Arnold Harvey

Personal information
- Born: 17 April 1878 Kenstown, County Meath, Ireland
- Died: 25 December 1966 (aged 88)
- Batting: Right-handed
- Bowling: Right-arm medium

International information
- National side: Ireland;

Career statistics
| Competition | First-class |
| Matches | 2 |
| Runs scored | 113 |
| Batting average | 28.25 |
| 100s/50s | 0/1 |
| Top score | 62 |
| Balls bowled | 72 |
| Wickets | 2 |
| Bowling average | 39.00 |
| 5 wickets in innings | 0 |
| 10 wickets in match | 0 |
| Best bowling | 2/67 |
| Catches/stumpings | 1/– |
- Source: CricketArchive, 6 December 2022
- Rugby player
- School: Ellesmere College
- Notable relative(s): Duncan Harvey (brother) Frederick Harvey (brother)

Rugby union career

Senior career
- Years: Team / Apps / (Points)
- 18xx-18xx: Dublin University
- 18xx-19??: Monkstown

International career
- Years: Team / Apps / (Points)
- 1900-1903: Ireland / 8 / (0)

= Arnold Harvey =

Irish cricketer and Rugby Union player

Thomas Arnold Harvey (17 April 1878 – 25 December 1966) was an Irish cricketer and Rugby Union player. He was captain of Dublin University Cricket Club in 1902, and while still at Trinity College Dublin (TCD) toured with an Ireland XI. Harvey was also an international hurdler as a student. He later became a Church of Ireland (Anglican) bishop.

==Cricket==

A right-handed batsman and right-arm medium pace bowler, he played three times for the Ireland cricket team between 1901 and 1902, including two first-class matches.

===Playing career===

Harvey made his debut for Ireland against South Africa in June 1901. It was an unsuccessful debut, with Harvey being bowled for just one run and not taking a wicket when bowling. The following year, he played his only two first-class matches, against Oxford University and Cambridge University, taking 2/67 in the first innings of the Oxford match, his only wickets for Ireland, and scoring 62 in the first innings against Cambridge, his top score for Ireland.

===Statistics===

In his three matches for Ireland, he scored 115 runs at an average of 19.17 and took two wickets at an average of 52.00.

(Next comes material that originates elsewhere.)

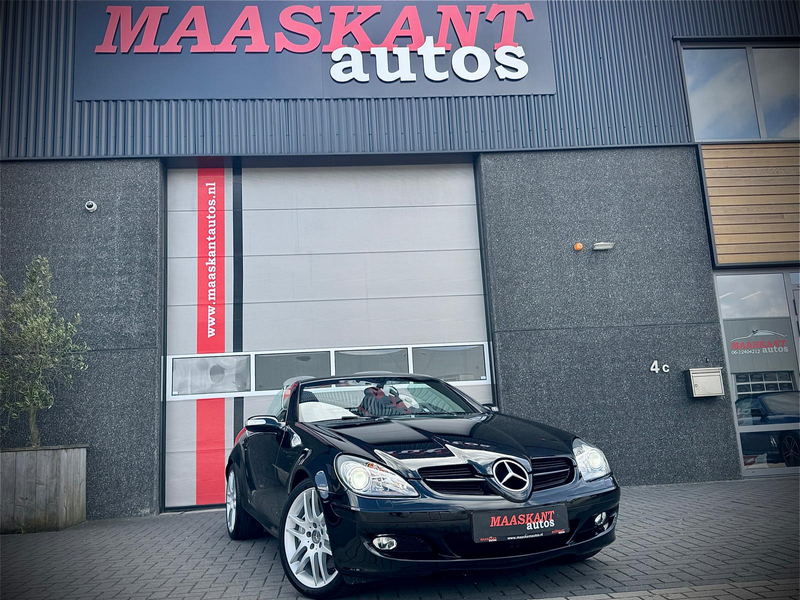 Mercedes-Benz SLK 280 Roadster / Sportpack / Airscarf / Harman Kardon / — photo 2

===1903 match against W G Grace===

Playing in a match at College Park (Trinity College) in Dublin for Dublin University against a London County XI in 1903 Harvey caught and bowled (for a duck!) W.G.Grace. Another future Bishop, Jack Crozier, performed a cartwheel as Grace walked reluctantly to the pavilion. Grace allegedly complained to the umpire that the crowd had come to see him bat and not to watch Harvey bowl. With the previous ball, Harvey had dismissed W.L. Murdoch, one time captain of Australia. Harvey faced the three fastest bowlers in the world playing for Dublin University against Australia, Leicestershire & South Africa; they were Cotter, Kortright and Cootzee. He held that Cotter was a bodyline bowler long before Larwood came on the scene.

==Rugby Union==
Harvey played rugby for Dublin University, Monkstown and Ireland. In October 1899, together with James Myles, he was a member of the Ireland team that went on a tour of Canada.
This was their first ever overseas tour. Then between 1900 and 1903, Harvey made 8 full appearances. He made his full international debut on 17 March 1900 in a 3–0 defeat against Wales. He made his final appearance against the same opponents on 14 March 1903 in an 18–0 defeat at Cardiff Arms Park. Among his teammates on the day was debutant James Cecil Parke. Two of Arnold's brothers, Duncan and Frederick, also played rugby union for Ireland and his son Brian, also a clergyman, played for Leinster.

==Church career==
Arnold Harvey was ordained a clergyman in the Church of Ireland (Anglican) in 1904, and was a curate at St Stephen's Church, Dublin. In 1908 he was appointed Rector at Lissadell, Sligo, and subsequently held parishes at Portrush, County Antrim, and at Booterstown, County Dublin. From 1929 to 1935 he was Professor of Pastoral Theology at TCD, and from 1933 to 1935 he was Dean of St Patrick's Cathedral, Dublin. He was Bishop of Cashel and Waterford from 1935 to 1958.

==Education==
Arnold was educated at Ellesmere College, Ellesmere, Shropshire from May 1889 to July 1896.